I took the lift to the top of the hill where there was a refreshing breeze.The port below was full of luxury yachts, one of which had the name One More Toy.  A yellow ferry was leaving for Corsica.  I went further up the hill and enjoyed the view down over the market.  Further in the distance I could see the Place Masséna and the Espace.  And then the promenade and the Baie des Anges.  Then, when I wanted to leave, I couldn’t find the lift station!  So I walked down the long and winding road (which could be a good title for a song) and then explored the old town before returning to my hotel.  The next day I was up bright and early for a day trip to Marseille.

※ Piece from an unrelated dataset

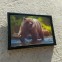 3Д картинка "Медведь на речке" 9,5 х 14,5 см х М-0017, голографическая открытка с изображением медведя, без рамки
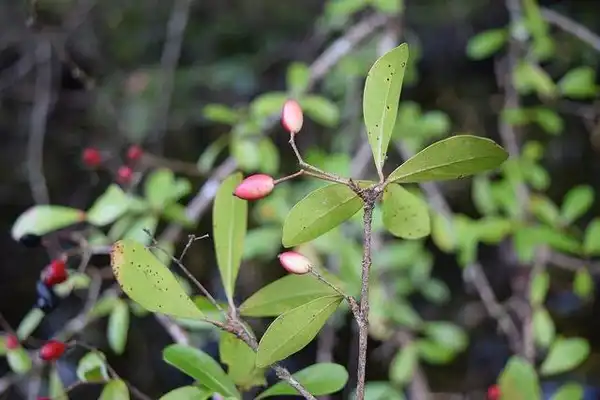Фото Viburnum obovatum - fruit:Adam Arendell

There are two trains services from Nice to Marseille - the high speed train (TGV) and the regional express (TER).  The TGV takes the high road inland, and the TER the low road along the coast.  The journey times are about the same for both, so I opted for the TER, which passes through Cannes, Antibes and Toulon, as well as a host of smaller places.  The trains are double-decker, the second class on the upper deck, and very comfortable.  At Antibes a lady sat next to me and struck up a conversation.  We talked all the way to Marseille, and I told her I wanted to visit the Chatêau d’If, the island prison of the Edmund Dantès, later the Count of Monte Christo, in the Dumas story.  It was a hot day and the sea breeze would be soothing.  I was disappointed to learn from the lady that the Quai des Belges in the Vieux Port, from where the boats depart, was closed due the construction of a metro station.  So instead, I took the No. 60 bus from Cours Jean Ballard to the basilica of Notre Dame de la Garde high on the hill.  I’d last been there in 1980, and once again admired the views over Marseille and the Vieux Port, and the picturesque suburbs à la provençale.

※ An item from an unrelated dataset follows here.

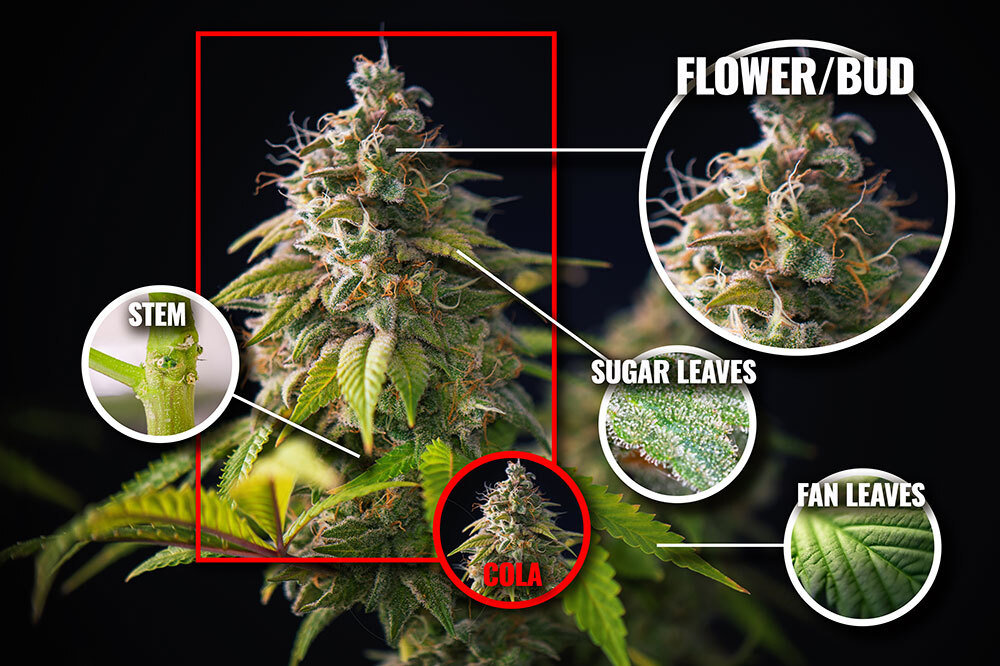 Anatomy of a cannabis plant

La gare SNCF at Marseille with the grand escalier.


Marseille is one of my favourite places.  It has an edge to it and an identity all of its own.  La Canebière is one of the most animated avenues in France, and the Vieux Port full of atmosphere.  Visitors arriving for the first time should do so by train, as the view from the Gare St Charles is like a sudden caffeine rush.  You step out from the station, and there it is, the city, in your face!  You look down le Grand escalier, and out across the city to the basilica on a distant hill, the Vieux port hidden between the two.  With its large North African population it has a cosmopolitan feel.  And it does not feel as touristy as other destinations in the Midi, perhaps because it is an important petrochemical hub and a thriving port, and therefore has other strings to its commercial bow.

I returned to Nice on an old rattler of a train with no air conditioning and a toilet out of hell, but it was on time.  The following day it was another excursion, this one to Monaco to see the tropical garden, le Jardin exotique.  The garden is on the side of a cliff and has over one thousand species of cacti and tropical plants, some of which are over 100 years old.  It also affords magnificent views over the Principality of Monaco and across the Mediterranean.  Once again the train journey out was in a modern double-deck train, and the journey back is a metal tub.  But, as I always say, you can’t have everything.  

I spent the next couple of days relaxing in Nice, sampling the stew at Ma Nolan’s and sitting in cafés people watching.  It had been my first visit to the Côte d’Azur, but, happily, it was not to be my last.